In order to confirm the existence of the entropy advantage in deeper neural networks, we investigated a 10-layer ResNet¹¹ (43604 trainable parameters) on a selected CIFAR-10 dataset (5000 images, equally divided for training and testing). The results, presented in the Supplementary Information, exhibit strong high-entropy advantage as well.

Polymer SMILES: Language Modeling

Natural language modeling is another domain where neural networks have consistently outperformed traditional machine learning methods^2,3,4. Language modeling also inherently differs from other machine learning tasks due to its reliance on semantic complexity and contextuality³². Therefore, we further extended our tests to a language modeling task. Specifically, we focused on a new emerging class of models called Chemical Language Models, which are language models trained on large databases of SMILES (Simplified Molecular Input Line Entry System)³³ strings and present promising performance in both predictive and generative tasks^34,35. We utilized the TransPolymer model published recently, which achieves state-of-the-art performance in all ten different downstream tasks for polymer property prediction³⁶. TransPolymer is a BERT (Bidirectional Encoder Representations from Transformers) family model^3,37 and is pretrained on roughly 5 millions polymer SMILES augmented from the Pl1M database³⁸. This pretrained transformer-based language model is able to take the SMILES as input directly and generate a 768-dimension embedding for each given SMILES. The embedding is then fed into a regressor head, a fully-connected layer with SiLU activation function, and is regressed on different polymer properties. Here we choose the Egb Dataset^36,39 to perform the entropy advantage experiment, which is the bandgap energy of bulk polymer and consists of 561 data points. This is also the dataset where TransPolymer has the best performance (test R² = 0.93), therefore, we can verify whether entropy advantage still exists for such a well-learned task. 80% data is used for training and the remaining 20% data is reserved for testing, which is same as the way reported in the original TransPolymer paper³⁶.
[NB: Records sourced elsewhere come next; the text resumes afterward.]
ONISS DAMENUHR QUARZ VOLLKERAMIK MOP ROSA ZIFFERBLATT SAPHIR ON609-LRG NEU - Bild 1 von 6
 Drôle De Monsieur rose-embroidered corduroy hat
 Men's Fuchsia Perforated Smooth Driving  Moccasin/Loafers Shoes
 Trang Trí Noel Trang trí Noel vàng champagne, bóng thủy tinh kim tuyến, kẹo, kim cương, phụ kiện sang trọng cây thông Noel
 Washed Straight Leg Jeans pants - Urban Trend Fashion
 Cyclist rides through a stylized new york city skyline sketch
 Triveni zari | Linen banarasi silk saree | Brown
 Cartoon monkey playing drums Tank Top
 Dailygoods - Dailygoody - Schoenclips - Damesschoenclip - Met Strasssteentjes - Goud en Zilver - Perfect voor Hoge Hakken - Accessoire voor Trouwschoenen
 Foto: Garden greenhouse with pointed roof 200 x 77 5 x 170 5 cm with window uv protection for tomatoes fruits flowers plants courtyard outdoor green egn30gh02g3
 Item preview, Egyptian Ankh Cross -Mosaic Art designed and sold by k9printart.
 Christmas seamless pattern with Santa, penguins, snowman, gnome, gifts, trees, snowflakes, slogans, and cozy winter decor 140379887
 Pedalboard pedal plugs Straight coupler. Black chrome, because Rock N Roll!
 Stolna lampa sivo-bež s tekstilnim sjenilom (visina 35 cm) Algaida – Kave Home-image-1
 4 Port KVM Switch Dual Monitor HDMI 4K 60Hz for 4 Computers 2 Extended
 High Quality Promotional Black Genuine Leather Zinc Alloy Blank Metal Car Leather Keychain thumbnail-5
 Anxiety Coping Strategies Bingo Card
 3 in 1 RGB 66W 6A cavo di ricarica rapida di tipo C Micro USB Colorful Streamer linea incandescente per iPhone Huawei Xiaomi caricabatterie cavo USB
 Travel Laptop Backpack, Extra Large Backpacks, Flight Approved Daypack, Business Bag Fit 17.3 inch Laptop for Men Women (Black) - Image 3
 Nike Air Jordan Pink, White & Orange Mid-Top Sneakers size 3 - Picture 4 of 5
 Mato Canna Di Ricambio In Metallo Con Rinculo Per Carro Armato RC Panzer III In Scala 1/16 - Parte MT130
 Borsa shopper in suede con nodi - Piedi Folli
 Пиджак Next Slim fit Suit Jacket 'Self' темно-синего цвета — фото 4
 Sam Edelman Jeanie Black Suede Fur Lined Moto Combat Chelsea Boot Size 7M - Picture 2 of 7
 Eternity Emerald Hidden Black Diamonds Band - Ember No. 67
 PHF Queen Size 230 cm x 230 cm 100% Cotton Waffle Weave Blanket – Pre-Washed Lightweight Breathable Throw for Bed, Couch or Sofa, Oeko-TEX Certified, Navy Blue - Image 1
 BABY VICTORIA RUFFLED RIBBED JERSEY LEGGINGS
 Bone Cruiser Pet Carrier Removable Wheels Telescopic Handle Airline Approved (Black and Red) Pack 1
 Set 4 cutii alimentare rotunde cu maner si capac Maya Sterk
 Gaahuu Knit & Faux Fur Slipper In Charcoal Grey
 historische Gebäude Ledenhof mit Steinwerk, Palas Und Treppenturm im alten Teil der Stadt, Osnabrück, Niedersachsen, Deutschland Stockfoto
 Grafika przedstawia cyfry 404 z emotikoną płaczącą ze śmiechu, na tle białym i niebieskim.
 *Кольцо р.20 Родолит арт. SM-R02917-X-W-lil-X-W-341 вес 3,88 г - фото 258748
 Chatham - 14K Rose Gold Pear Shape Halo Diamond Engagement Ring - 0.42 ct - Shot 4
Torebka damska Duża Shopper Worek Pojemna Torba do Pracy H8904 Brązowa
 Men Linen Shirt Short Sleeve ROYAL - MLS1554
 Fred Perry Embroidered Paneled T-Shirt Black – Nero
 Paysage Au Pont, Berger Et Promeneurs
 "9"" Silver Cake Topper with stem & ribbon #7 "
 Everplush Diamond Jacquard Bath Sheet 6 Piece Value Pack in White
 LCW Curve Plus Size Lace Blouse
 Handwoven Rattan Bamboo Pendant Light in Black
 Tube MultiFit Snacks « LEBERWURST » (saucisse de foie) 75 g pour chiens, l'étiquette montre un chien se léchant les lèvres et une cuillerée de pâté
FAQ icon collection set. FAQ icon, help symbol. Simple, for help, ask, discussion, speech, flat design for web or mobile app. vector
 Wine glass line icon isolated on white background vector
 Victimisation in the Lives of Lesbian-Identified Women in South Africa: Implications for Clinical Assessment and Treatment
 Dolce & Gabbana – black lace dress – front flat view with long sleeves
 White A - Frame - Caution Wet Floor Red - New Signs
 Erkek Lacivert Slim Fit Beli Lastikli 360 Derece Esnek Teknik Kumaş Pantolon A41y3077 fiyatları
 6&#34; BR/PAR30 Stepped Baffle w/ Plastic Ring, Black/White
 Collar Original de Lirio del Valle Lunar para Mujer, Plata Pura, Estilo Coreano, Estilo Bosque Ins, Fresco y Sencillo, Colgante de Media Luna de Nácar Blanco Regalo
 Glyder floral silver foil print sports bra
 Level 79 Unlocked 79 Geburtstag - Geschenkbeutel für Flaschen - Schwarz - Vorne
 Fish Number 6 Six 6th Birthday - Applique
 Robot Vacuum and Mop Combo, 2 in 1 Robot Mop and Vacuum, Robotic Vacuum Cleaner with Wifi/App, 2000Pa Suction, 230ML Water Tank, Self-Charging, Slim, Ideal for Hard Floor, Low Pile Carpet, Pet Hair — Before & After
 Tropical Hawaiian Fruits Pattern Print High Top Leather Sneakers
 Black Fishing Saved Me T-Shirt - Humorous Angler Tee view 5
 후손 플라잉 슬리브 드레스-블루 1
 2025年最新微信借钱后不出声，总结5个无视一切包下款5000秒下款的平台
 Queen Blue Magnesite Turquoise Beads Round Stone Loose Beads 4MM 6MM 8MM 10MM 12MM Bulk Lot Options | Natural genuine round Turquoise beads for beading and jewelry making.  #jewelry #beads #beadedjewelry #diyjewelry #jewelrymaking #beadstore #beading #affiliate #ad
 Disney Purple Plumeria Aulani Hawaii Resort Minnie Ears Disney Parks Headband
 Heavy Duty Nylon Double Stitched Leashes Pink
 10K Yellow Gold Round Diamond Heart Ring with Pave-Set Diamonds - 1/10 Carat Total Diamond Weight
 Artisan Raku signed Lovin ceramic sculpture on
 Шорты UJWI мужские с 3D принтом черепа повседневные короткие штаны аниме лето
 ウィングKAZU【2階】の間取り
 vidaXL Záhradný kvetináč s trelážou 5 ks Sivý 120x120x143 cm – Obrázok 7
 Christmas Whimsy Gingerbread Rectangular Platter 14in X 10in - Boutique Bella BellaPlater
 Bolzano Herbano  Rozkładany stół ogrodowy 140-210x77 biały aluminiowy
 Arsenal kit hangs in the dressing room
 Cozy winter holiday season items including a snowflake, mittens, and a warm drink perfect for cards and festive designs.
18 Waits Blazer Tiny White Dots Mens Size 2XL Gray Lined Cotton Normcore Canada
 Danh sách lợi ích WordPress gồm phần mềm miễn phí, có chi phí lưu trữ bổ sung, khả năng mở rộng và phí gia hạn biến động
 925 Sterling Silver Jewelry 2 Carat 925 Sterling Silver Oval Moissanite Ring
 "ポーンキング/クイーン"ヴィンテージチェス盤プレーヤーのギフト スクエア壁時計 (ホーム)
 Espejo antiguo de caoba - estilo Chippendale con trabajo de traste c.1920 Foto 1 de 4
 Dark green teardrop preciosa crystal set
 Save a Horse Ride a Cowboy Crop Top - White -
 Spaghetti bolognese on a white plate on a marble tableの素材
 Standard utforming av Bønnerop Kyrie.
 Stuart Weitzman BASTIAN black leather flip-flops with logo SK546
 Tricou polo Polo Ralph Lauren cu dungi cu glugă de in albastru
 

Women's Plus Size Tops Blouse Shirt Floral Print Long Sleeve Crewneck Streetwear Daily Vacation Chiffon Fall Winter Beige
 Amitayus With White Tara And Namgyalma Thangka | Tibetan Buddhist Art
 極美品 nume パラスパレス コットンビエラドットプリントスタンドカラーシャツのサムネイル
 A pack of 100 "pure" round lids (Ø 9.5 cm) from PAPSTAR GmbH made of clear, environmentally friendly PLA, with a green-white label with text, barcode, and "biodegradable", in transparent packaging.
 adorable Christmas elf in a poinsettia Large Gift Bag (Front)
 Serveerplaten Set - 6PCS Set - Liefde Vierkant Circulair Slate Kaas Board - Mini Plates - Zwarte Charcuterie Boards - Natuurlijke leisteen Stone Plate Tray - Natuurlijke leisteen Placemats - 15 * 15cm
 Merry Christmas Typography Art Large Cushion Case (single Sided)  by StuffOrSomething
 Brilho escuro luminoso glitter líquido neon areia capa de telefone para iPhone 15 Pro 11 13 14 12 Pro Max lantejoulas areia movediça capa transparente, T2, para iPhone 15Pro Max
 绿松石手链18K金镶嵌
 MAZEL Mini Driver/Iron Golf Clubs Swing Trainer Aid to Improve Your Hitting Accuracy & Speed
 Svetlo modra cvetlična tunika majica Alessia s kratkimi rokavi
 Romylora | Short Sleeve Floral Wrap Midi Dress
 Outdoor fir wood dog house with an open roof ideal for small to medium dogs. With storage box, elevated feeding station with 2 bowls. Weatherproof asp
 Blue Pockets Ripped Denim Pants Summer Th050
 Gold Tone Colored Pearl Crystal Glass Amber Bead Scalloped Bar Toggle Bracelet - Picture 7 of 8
For sampling efficiency, we follow the fintuning strategy of large foundation model^36,40,41, where the encoder embedding is fixed and only tuning the regressor head of the TransPolymer model. We also reduced the width of the regressor to 50 while keeping the SiLU activation function. Therefore, the final model has 38501 parameters, making it overparamterized. Entropy landscape of this language modeling task is presented in Fig. 2c. The SGD training curve is obtained by performing the classical training for 40 times. As a regression problem, we found that the corresponding max-entropy loss at each L_train is slightly lower or comparable to its SGD training analog, which suggests that high-entropy state can generalize well. In other words, even for a task that could be well-learned via the SGD training, there is still a high-entropy advantage.

Effect of Network Width

Now that we have demonstrated high-entropy advantage in four distinct machine learning tasks, we will next study how this advantage is affected by the size of the neural network. It is known that neural networks are equivalent to Gaussian processes in the limit of infinite width^27,42. Therefore, it is reasonable to expect that the high-entropy advantage could also vary with the network width.

To better evaluate this, we constructed a Spiral Regression Dataset (see the Methods section for details) which consists of 500 data points and is divided equally for training and test sets. Using the same WLMD method, we sampled the entropy landscapes on NNs with 2 hidden layers of four different widths, W, ranging from 30 to 1000. All four models are overparamerterized and the largest one has more than 1 million trainable parameters. Our results, presented in Fig. 3, suggest that the high-entropy advantage decreases as W increases, and finally fades away when W = 1000. Note here we used the Adam optimizer here because the SGD optimizer performs much worse. We also performed similar experiments on the Kaggle House price prediction, the selected MNIST image recognition, and the Polymer SMILES language modeling tasks. These additional experiments confirmed a similar trend: the high-entropy advantage is more significant for narrower networks (see Figures 3–5 in the Supplementary Information).